Skip the pictures. Retype exactly, and only, the lines between the line holding "Alfred's Basic Piano" and the last line below, inclusive.

SOURCE DATA below:

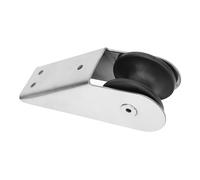 Comphic Accesorios para Barcos Rodillo de anclaje de proa Soporte de anclaje de acero inoxidable Rodillos de proa de lanzamiento automático amarre fijo para yate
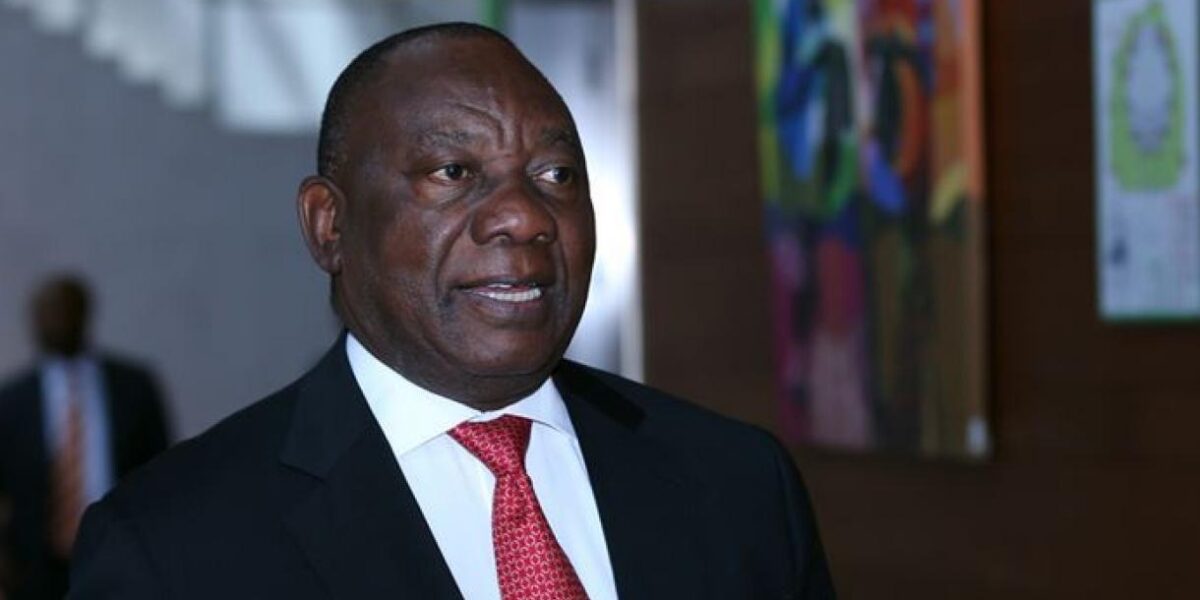 Cyril Ramaphosa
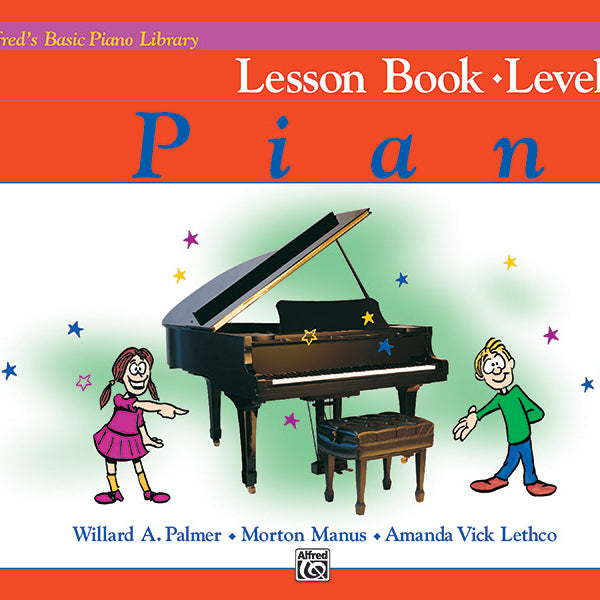 Alfred's Basic Piano Library: Lesson Book 1A Cover Image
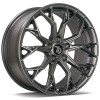 Janta aliaj seventy9 SCF-H 8.0x18 5x112 ET35 TB - Titan Black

End of SOURCE DATA.

[ANSWER FOR THIS EXERCISE]
 Alfred's Basic Piano Library: Lesson Book 1A Cover Image
 Janta aliaj seventy9 SCF-H 8.0x18 5x112 ET35 TB - Titan Black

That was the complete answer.